#### [PROBLEM DESCRIPTION]
All of the listing must be given again exactly, except that the images are dropped.

#### [DATA SHOWN]
*** Begin section ***

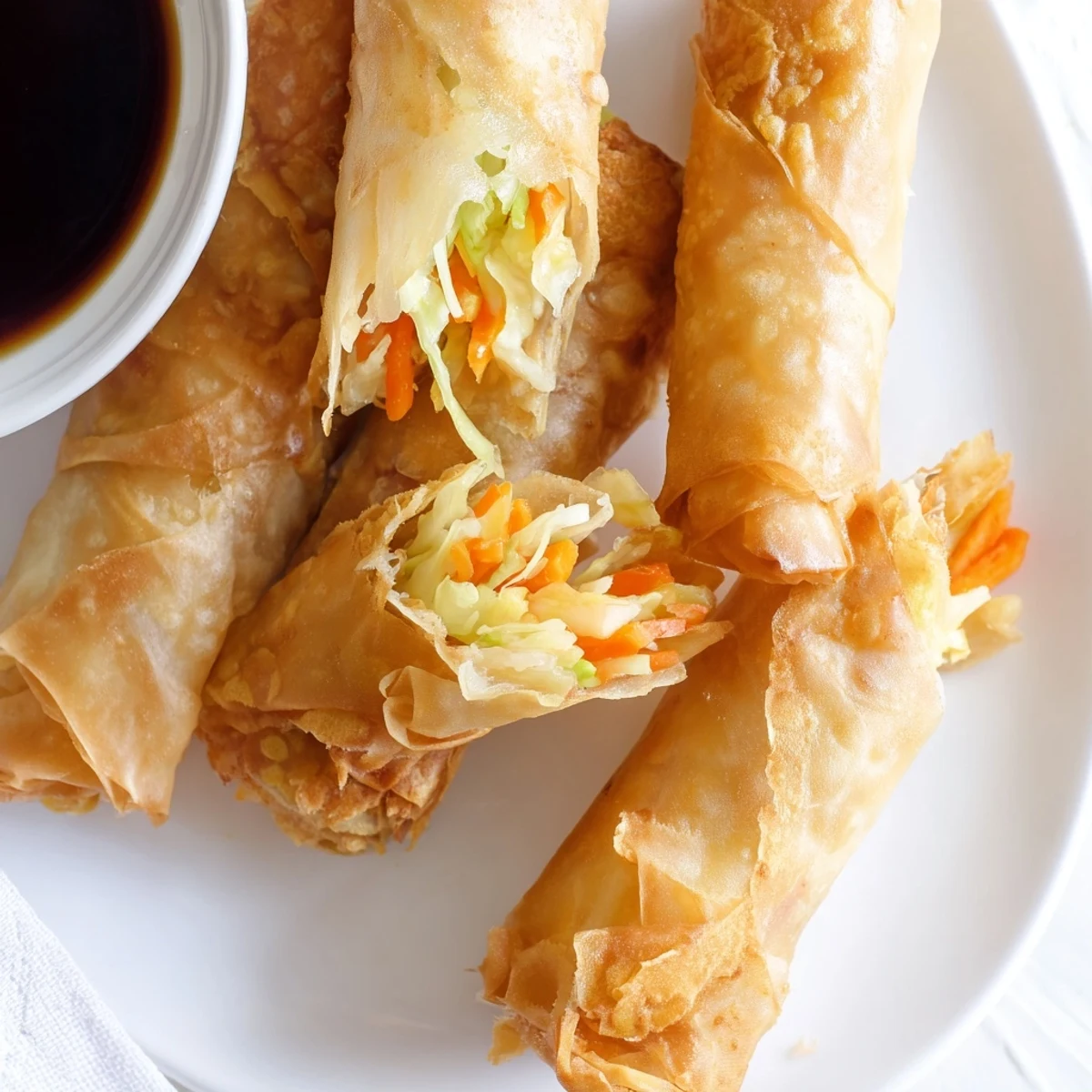 Baked crispy rice paper spring rolls cut open to reveal colorful vegetable and protein filling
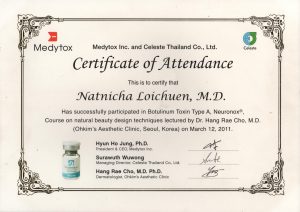 12-03-2011 Has successfully participated in Botulinum Toxin Typ A Neuronox course 12-03-2011 Has successfully participated in Botulinum Toxin Typ A Neuronox course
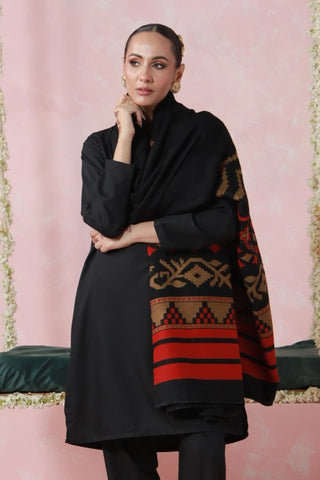 Aghaaz (Genesis) - Black Weaved Shawl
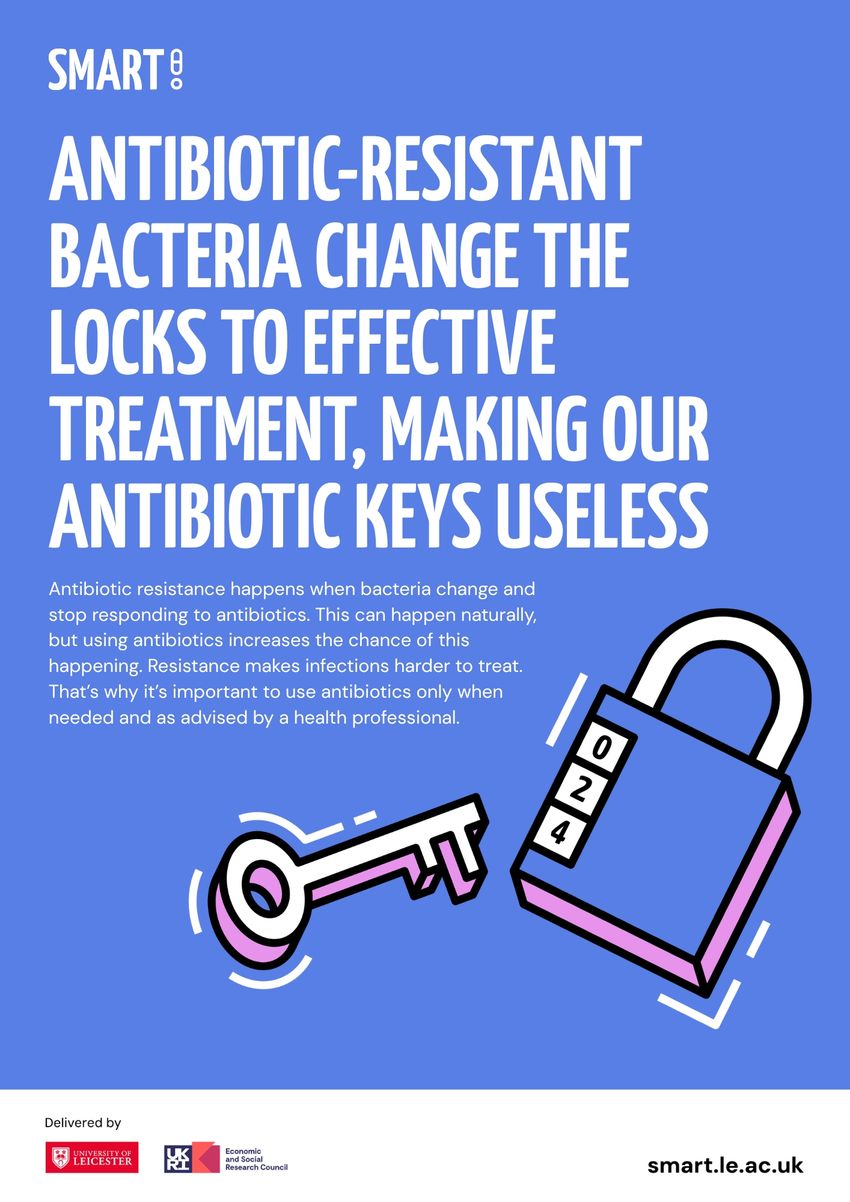A blue-colored poster says, “Antibiotic-resistant bacteria change the locks to effective treatment, making our antibiotic keys useless.” A blue-colored poster says, “Antibiotic-resistant bacteria change the locks to effective treatment, making our antibiotic keys useless.”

*** End section ***

#### [RESULT BELOW]
 Baked crispy rice paper spring rolls cut open to reveal colorful vegetable and protein filling
 12-03-2011 Has successfully participated in Botulinum Toxin Typ A Neuronox course 12-03-2011 Has successfully participated in Botulinum Toxin Typ A Neuronox course
 Aghaaz (Genesis) - Black Weaved Shawl
A blue-colored poster says, “Antibiotic-resistant bacteria change the locks to effective treatment, making our antibiotic keys useless.” A blue-colored poster says, “Antibiotic-resistant bacteria change the locks to effective treatment, making our antibiotic keys useless.”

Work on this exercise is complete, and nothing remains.